Time to run. Mom's coat is too small but there's nothing else. Go. Go down the hall. Try to be normal. Grab my paintings. Go through the door, quick, with the others. Out! Fast! Before they see. People I don't know in the elevator. They're all watching me. I can't remember if I'm supposed to look up or down when the elevator is going down. So many rules. I can't remember them. Who made them up? The people who made them up, how do I know if they're on my side?

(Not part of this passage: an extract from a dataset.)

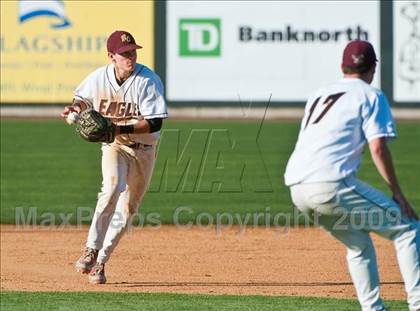 Thumbnail 2 in St. John's vs. Boston College High (MIAA D1 State Final) photogallery.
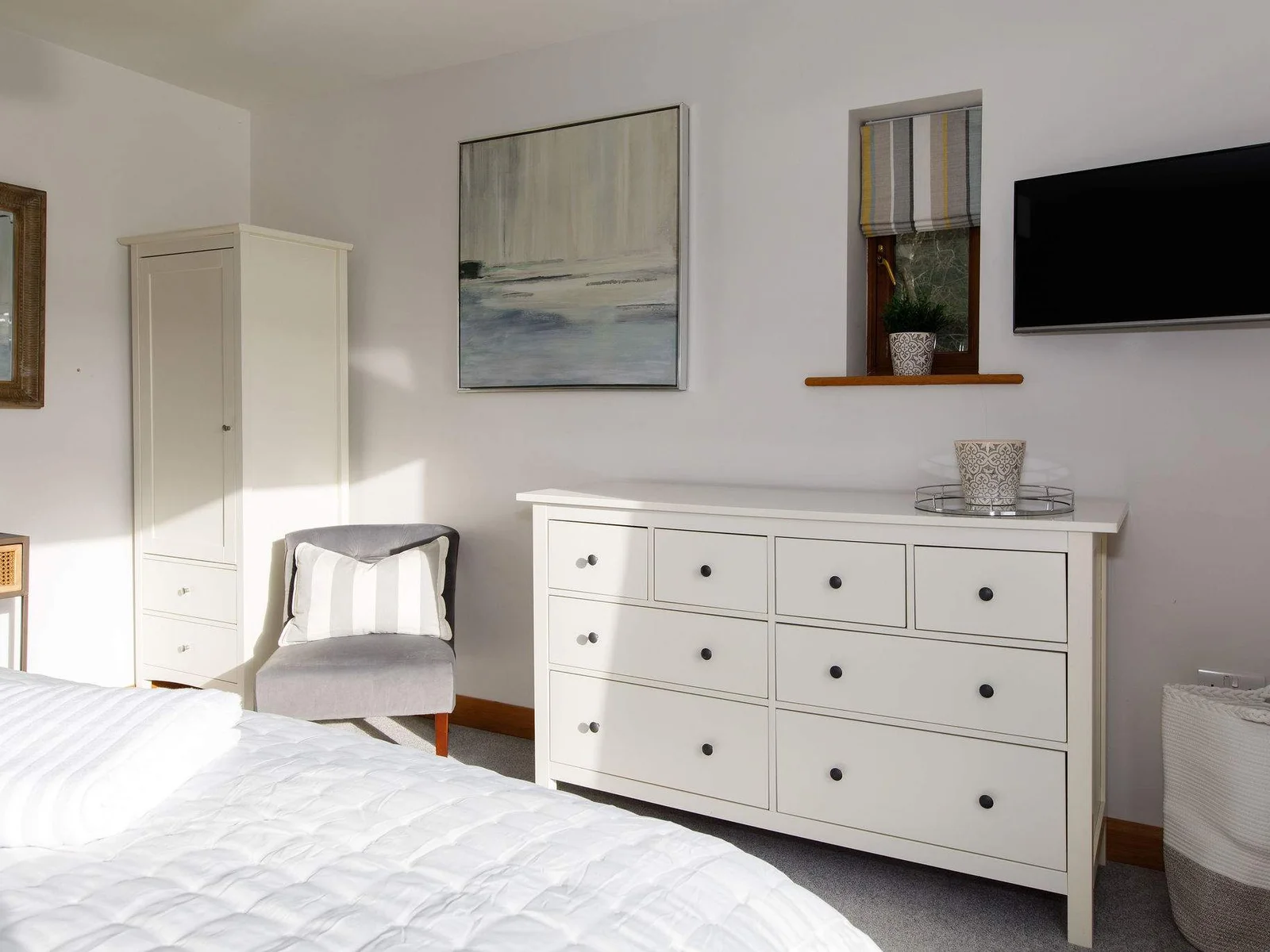 There is plenty of storage space for your belongings.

So now I was making my getaway. I had escaped from Women's College Hospital years before. Here I was again, zigzagging in my mind, trying to discern the best way to get out and stay out. On the ground floor I strode towards the main doors, not wasting a step. Big, wet snowflakes greeted me, floating down from a darkening late-afternoon sky. I stepped outside with an armful of newly minted paintings slapped carelessly at my side. College and Spadina were crowded in the afternoon rush hour. I stuck out my tongue to taste the snow, and it felt fuzzy and soft as it melted in my mouth. The coat my mother had left me was thin and too small for me to do up over my risperidone-bloated body. It was no match for the frigid January air.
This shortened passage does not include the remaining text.